Attorney General Eric Holder and Associate Attorney General Tony West announced today that the Department of Justice has reached a $16.65 billion settlement with Bank of America Corporation – the largest civil settlement with a single entity in American history ¬— to resolve federal and state claims against Bank of America and its former and current subsidiaries, including Countrywide Financial Corporation and Merrill Lynch. As part of this global resolution, the bank has agreed to pay a $5 billion penalty under the Financial Institutions Reform, Recovery and Enforcement Act (FIRREA) – the largest FIRREA penalty ever – and provide billions of dollars of relief to struggling homeowners, including funds that will help defray tax liability as a result of mortgage modification, forbearance or forgiveness. The settlement does not release individuals from civil charges, nor does it absolve Bank of America, its current or former subsidiaries and affiliates or any individuals from potential criminal prosecution.

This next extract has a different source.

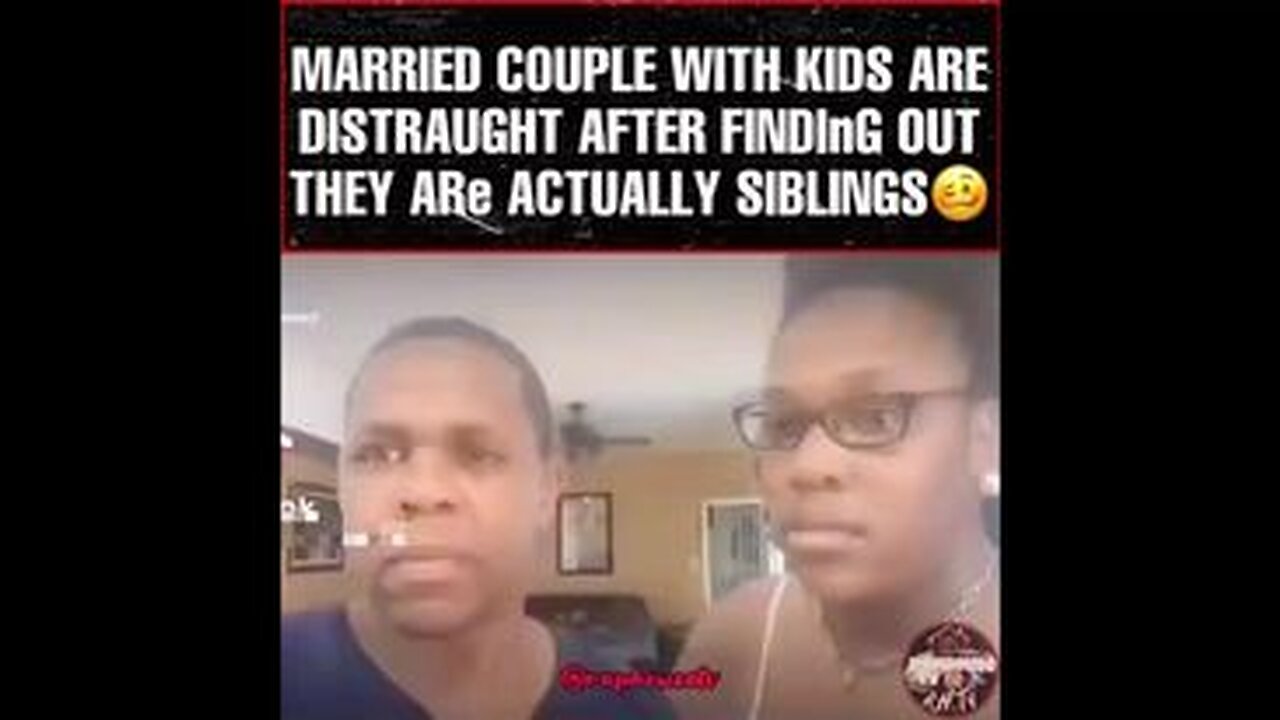 MARRIED COUPLE WITH KIDS FIND OUT THAT THEY ARE ACTUALLY SIBLINGS…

“This historic resolution – the largest such settlement on record – goes far beyond ‘the cost of doing business,’” said Attorney General Holder. “Under the terms of this settlement, the bank has agreed to pay $7 billion in relief to struggling homeowners, borrowers and communities affected by the bank’s conduct. This is appropriate given the size and scope of the wrongdoing at issue.”

This settlement is part of the ongoing efforts of President Obama’s Financial Fraud Enforcement Task Force and its Residential Mortgage-Backed Securities (RMBS) Working Group, which has recovered $36.65 billion to date for American consumers and investors.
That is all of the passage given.